(Dia 2 do Caminho Santiago – Muxia: Negreira a Vilaserio, 14km)
22 kilómetros ontem. Hoje a etapa é mais curta. Só que está sol e acabo de fazer metade do caminho sozinha. Metade dessa metade no asfalto, e isso foi duro.
Destaquei-me porque precisava do meu ritmo, de estar um pouco comigo. Não esperava era que fosse tanto. Quando caminho assim sou só eu, a minha cabeça e a paisagem. Nessa altura vou para onde a cabeça se manda, ou tento lutar contra isso. Nunca vale a pena.
A paisagem tornou-se monótona.
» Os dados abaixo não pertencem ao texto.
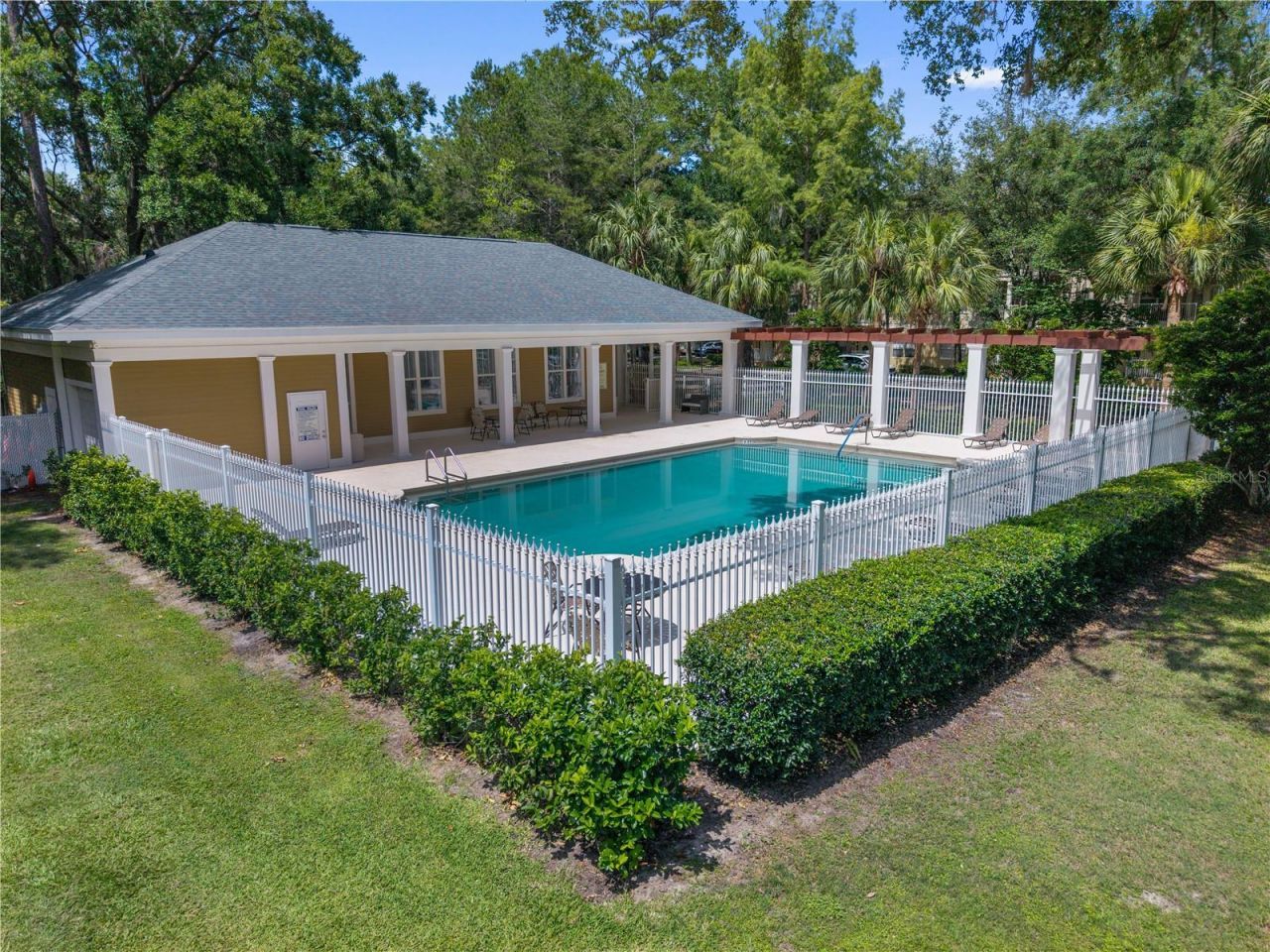 9177 SW 52nd Road , Unit E-103, Gainesville, FL 32608 Photo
O alcatrão a escaldar e campos de milho, verdes. E então ela (a cabeça) foi para o Sri Lanka. Faz um ano que lá estive, e sei muito mais sobre o que me incomodava, enquanto por lá andava. Lembro-me do quanto me senti estupida depois, por não ter percebido mais cedo que a vida que partilhava estava prestes a terminar. É por aí que é para ir? Pois então vamos. Recordo o que tem de ser e deixo as memórias passar. Afastá-las à força só vai fazer com que perdurem mais tempo. Segue para São Tomé, e para a impotência de decisões que fogem do meu controle…deixá-la ir.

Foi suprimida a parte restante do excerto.